Basically I'm looking at a situation where we have lots of bad data, and some good data (which we can assume accurately measures the variable we're concerned with). The current approach is to regress the good data onto the bad data for what is basically a training set, i.e. $$good = m*bad+c+\epsilon$$

This is what I mean by reverse regression. We then use the ample bad data to predict what the good data would have been if it were collected elsewhere (think of this as the testing stage).

When I first saw this, I was convinced it was wrong. The bad data has the measurement errors, and the 'correct' approach is to fit a model regressing the bad data onto the good data, then invert the model to predict in the opposite direction. This is what I mean by inverse regression.

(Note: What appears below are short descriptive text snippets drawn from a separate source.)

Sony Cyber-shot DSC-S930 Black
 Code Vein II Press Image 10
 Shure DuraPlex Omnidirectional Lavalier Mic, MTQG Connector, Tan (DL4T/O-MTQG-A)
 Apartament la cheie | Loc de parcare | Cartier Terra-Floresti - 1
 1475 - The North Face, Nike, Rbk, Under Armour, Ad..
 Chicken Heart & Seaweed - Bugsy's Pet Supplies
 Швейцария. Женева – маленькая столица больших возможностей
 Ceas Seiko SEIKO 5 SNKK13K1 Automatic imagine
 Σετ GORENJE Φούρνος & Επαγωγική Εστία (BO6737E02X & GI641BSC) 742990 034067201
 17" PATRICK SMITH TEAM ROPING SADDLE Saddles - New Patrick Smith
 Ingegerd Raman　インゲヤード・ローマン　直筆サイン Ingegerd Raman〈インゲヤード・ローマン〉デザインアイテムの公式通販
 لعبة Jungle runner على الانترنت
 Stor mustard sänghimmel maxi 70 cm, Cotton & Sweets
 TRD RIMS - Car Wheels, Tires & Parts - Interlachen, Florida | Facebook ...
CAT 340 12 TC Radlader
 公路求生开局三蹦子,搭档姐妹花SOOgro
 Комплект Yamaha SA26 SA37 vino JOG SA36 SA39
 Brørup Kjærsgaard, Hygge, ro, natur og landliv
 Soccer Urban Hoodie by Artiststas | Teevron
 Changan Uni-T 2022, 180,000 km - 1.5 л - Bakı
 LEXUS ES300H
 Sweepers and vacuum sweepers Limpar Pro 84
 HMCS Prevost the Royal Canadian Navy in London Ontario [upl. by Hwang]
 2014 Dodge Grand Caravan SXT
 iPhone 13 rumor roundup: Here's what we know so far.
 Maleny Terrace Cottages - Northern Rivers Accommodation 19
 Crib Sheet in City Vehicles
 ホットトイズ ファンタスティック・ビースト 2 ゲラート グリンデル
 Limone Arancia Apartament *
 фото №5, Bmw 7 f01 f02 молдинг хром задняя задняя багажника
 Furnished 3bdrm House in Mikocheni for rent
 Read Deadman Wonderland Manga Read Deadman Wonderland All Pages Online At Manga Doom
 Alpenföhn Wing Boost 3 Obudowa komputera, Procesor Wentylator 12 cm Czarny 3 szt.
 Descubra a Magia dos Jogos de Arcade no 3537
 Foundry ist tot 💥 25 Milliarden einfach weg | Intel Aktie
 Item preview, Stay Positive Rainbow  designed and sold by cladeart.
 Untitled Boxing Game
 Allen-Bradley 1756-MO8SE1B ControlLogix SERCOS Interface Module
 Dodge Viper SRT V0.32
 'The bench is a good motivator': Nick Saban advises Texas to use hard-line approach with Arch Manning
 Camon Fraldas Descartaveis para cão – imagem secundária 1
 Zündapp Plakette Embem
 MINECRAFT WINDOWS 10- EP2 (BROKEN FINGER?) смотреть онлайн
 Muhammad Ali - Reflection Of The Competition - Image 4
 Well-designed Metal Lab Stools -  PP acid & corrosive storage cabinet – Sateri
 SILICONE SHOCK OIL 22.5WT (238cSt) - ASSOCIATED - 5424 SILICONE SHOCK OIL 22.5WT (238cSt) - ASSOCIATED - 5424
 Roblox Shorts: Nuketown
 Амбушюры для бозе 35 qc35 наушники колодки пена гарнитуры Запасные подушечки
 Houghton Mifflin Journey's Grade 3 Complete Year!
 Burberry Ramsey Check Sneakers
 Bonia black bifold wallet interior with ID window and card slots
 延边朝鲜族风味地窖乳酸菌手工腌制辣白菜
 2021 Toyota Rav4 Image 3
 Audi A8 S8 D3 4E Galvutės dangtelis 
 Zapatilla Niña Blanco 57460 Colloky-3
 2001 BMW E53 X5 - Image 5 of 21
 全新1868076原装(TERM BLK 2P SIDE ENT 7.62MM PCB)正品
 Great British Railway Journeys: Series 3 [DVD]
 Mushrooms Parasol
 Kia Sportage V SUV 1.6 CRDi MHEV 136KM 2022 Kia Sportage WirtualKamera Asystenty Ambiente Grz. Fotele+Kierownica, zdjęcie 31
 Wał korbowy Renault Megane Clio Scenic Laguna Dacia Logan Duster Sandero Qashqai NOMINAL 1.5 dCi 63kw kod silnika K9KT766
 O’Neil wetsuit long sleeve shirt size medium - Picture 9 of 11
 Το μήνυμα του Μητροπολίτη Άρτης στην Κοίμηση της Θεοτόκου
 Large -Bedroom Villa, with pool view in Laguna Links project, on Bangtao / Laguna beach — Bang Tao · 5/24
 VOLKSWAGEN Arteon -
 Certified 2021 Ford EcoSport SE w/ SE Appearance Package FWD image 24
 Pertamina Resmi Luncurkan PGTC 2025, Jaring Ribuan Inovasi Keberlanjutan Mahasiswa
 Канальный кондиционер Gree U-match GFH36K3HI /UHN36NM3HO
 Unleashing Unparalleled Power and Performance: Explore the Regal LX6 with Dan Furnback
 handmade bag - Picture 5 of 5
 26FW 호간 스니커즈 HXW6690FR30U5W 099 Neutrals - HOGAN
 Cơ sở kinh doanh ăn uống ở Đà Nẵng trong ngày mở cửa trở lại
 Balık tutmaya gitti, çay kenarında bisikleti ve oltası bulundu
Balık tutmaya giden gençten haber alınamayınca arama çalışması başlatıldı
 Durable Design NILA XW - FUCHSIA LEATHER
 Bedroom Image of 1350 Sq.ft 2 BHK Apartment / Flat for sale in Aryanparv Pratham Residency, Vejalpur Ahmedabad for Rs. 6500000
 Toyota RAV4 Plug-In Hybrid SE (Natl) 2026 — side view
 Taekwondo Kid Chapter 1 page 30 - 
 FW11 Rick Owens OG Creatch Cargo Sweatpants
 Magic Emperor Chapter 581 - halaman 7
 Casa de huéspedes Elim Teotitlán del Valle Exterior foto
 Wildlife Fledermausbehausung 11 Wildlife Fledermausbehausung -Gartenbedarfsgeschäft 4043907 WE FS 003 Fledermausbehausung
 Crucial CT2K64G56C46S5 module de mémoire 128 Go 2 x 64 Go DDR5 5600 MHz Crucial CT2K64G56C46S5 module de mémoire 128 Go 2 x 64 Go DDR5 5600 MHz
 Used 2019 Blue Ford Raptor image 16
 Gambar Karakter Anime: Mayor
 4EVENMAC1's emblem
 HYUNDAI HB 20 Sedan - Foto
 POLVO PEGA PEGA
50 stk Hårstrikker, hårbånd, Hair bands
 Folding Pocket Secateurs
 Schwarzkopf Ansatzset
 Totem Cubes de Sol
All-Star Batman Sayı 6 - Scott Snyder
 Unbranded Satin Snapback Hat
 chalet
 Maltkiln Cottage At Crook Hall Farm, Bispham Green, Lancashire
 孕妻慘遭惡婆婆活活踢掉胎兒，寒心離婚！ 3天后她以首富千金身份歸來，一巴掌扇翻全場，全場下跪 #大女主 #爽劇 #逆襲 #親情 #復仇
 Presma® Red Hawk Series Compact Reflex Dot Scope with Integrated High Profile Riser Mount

However I've seen since been playing with some toy models and I'm starting to see that the 'wrong' method produces much better predictions.

n <- 1000
x <- runif(n,-10,10)
m <- 0.7
c <- 4
e <- rnorm(n,0,3)
y <- m*x+c+e
df <- data.frame(x=x,y=y)
traindf <- df[1:(4*n/5),]
testdf <- df[(4*n/5+1):n,]
mod1 <- lm(y ~ x, data=traindf)
mod2 <- lm(x ~ y, data=traindf)
preds1 <- (testdf$y-coef(mod1)[1])/coef(mod1)[2]
preds2 <- predict(mod2, newdata=testdf)
mean((preds1-testdf$x)^2)
[1] 18.62054
mean((preds2-testdf$x)^2)
[1] 12.50204

Now I get why this is the case, model 2 is designed to reduce mean square error when predicting x from y, it's hardly surprising it does a better job at doing it. And I also understand the geometrical interpretations, one model is minimising vertical distances between the points and the line-of-best fit, whereas the other is minimising the horizontal differences etc. I get the maths.

What I don't understand is, why should I care that the second model is misspecified if it's giving me better predictions regardless?

Are there any advantages to using the 'correct' model? Are there other situations where inverse regression actually outperforms? Maybe there are other loss functions it does well with, or it's more robust to violations of assumptions, or more wrong but less biased. But so far it looks like reverse regression produces better point estimates and I'm going to bootstrap my confidence intervals in any case. It's also less of a hassle than manually inverting your model or playing around with the library investr.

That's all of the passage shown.